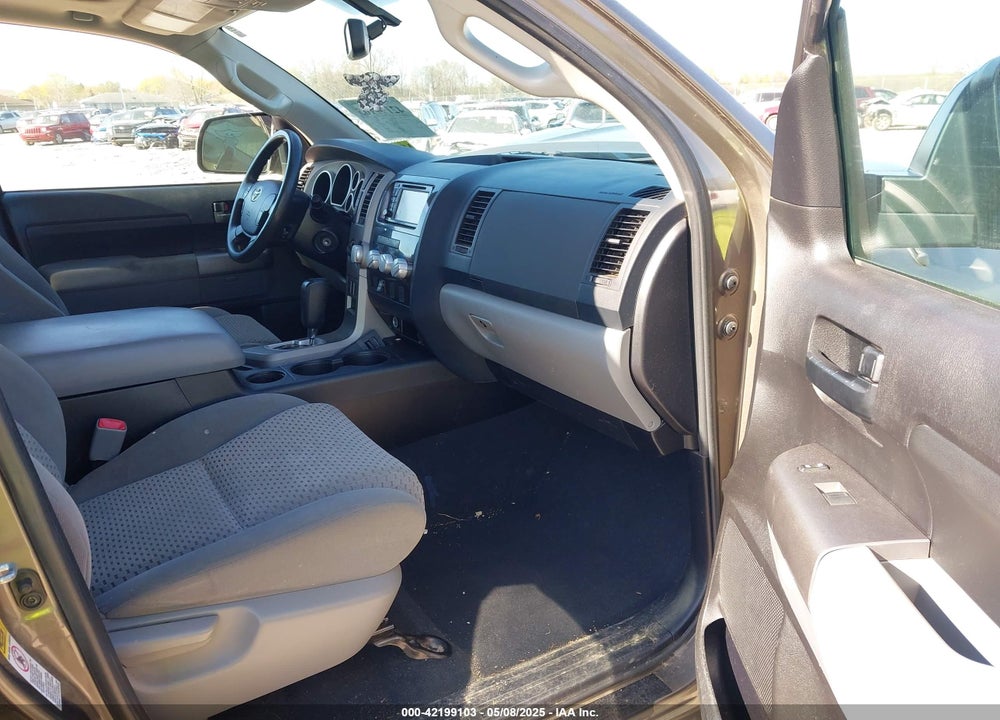 2013 TOYOTA TUNDRA GRADE 5.7L V8 VIN: 5TFDW5F11DX284846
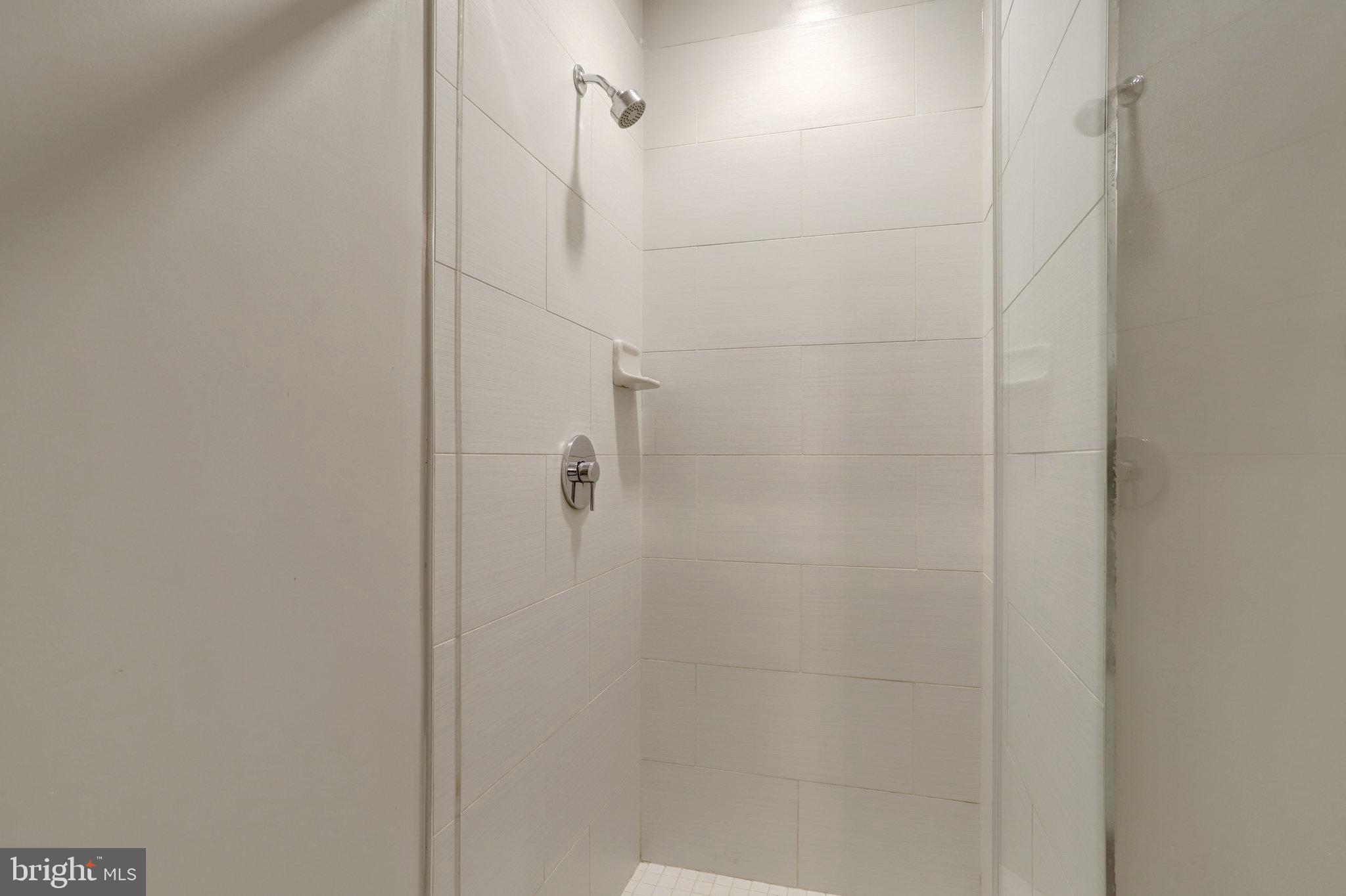 TRAFALGAR FLATS - Residential Lease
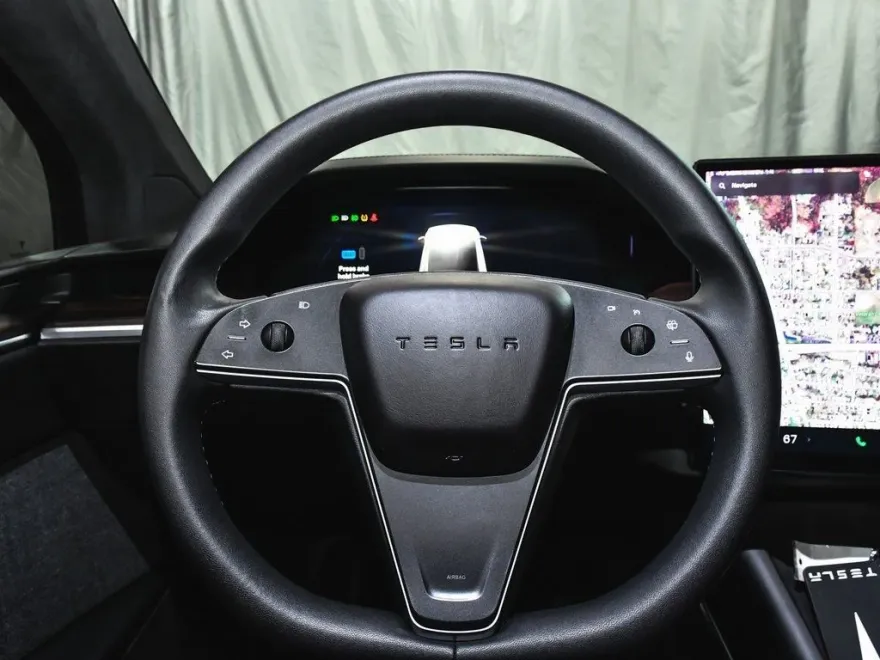 2024 Tesla Model X photo 23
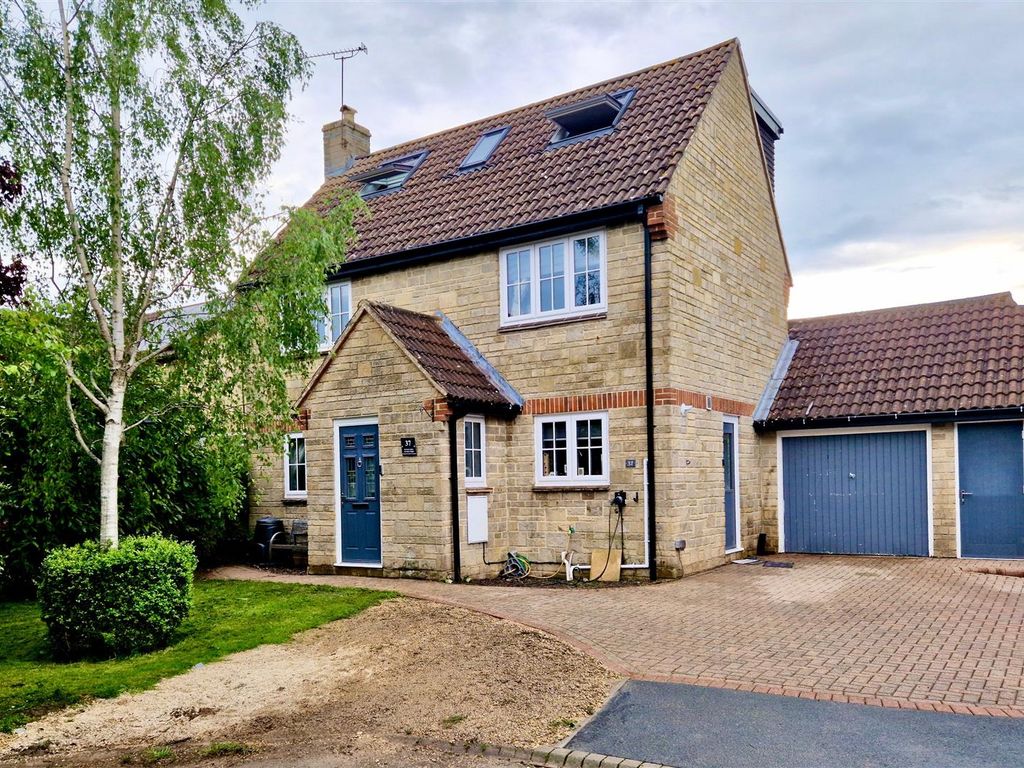 4 bed detached house for sale in Buckingham Road, Pewsham, Chippenham
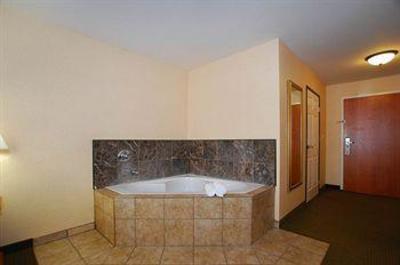 фото отеля Comfort Inn & Suites Long Beach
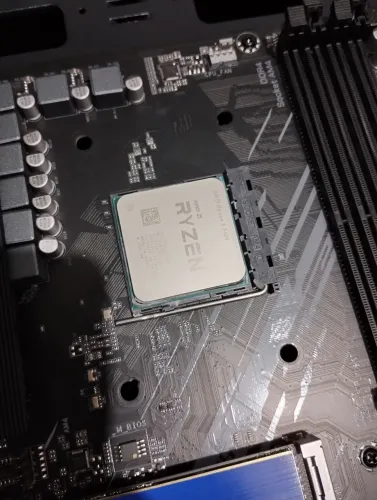 Processador AMD Ryzen 5 + Water cooler 240mm 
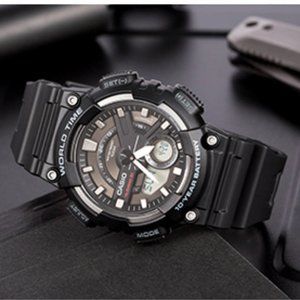 Solar student watch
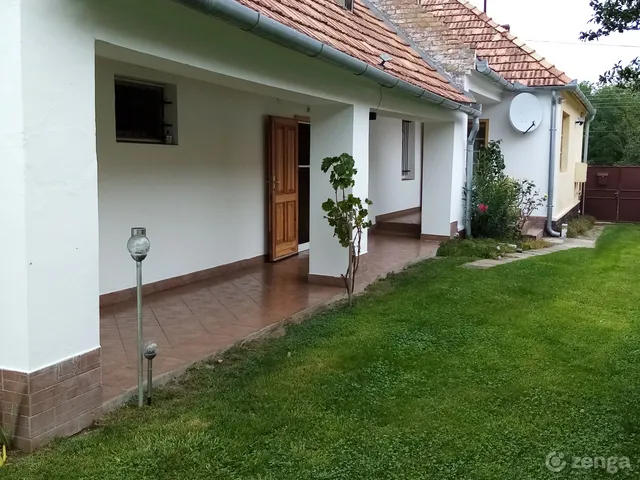 Eladó ház Bakonyság, 83119 104 nm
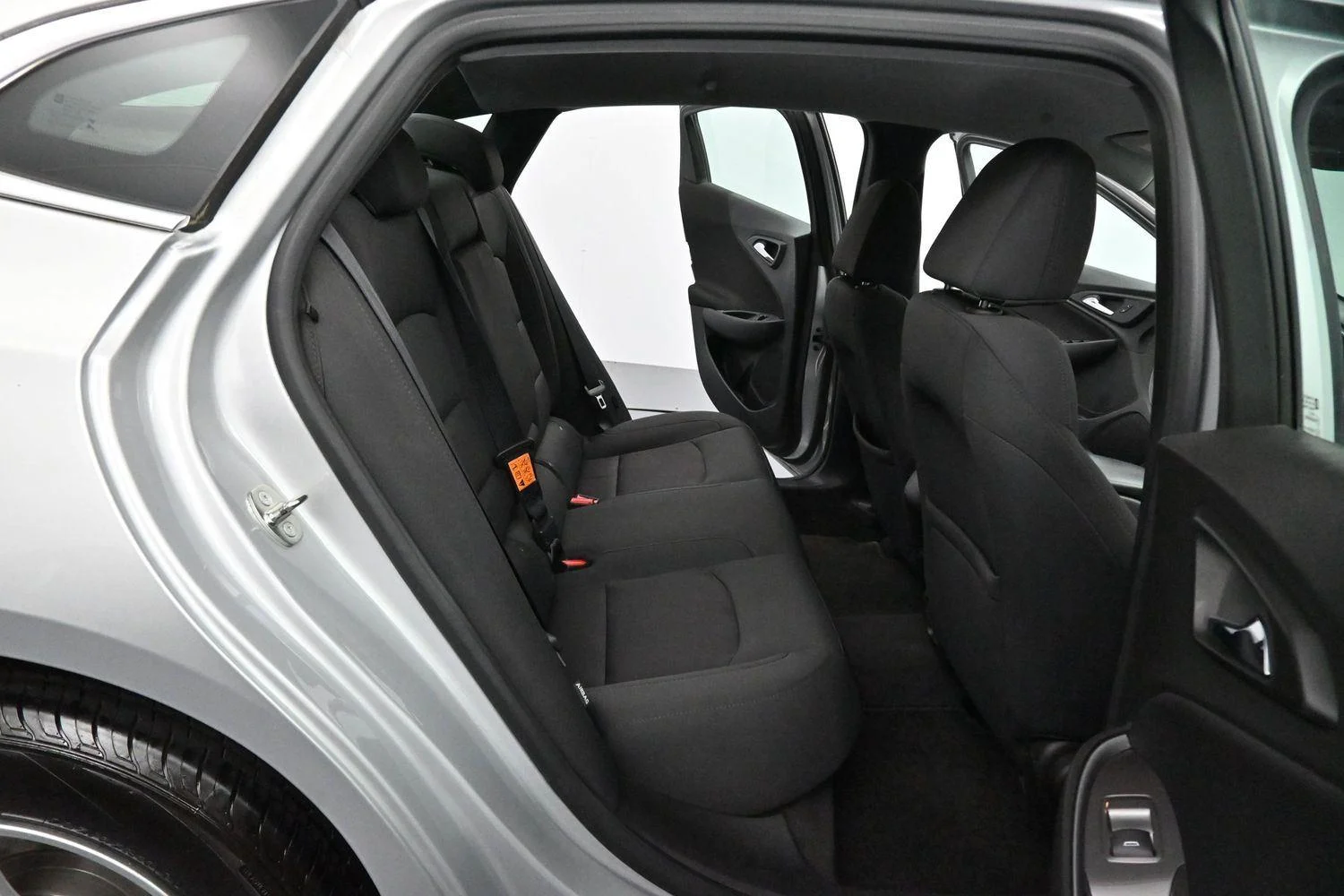 Used 2018 SILVER ICE METALLIC Chevrolet LS image 27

+++

_WORK ITEM_: Return, exactly and without extra lines, everything from the line with "TRAFALGAR FLATS - Residential Lease" through the last line of the material above, both included. Pictures must be dropped.

_COMPLETED EXERCISE_:
 TRAFALGAR FLATS - Residential Lease
 2024 Tesla Model X photo 23
 4 bed detached house for sale in Buckingham Road, Pewsham, Chippenham
 фото отеля Comfort Inn & Suites Long Beach
 Processador AMD Ryzen 5 + Water cooler 240mm 
 Solar student watch
 Eladó ház Bakonyság, 83119 104 nm
 Used 2018 SILVER ICE METALLIC Chevrolet LS image 27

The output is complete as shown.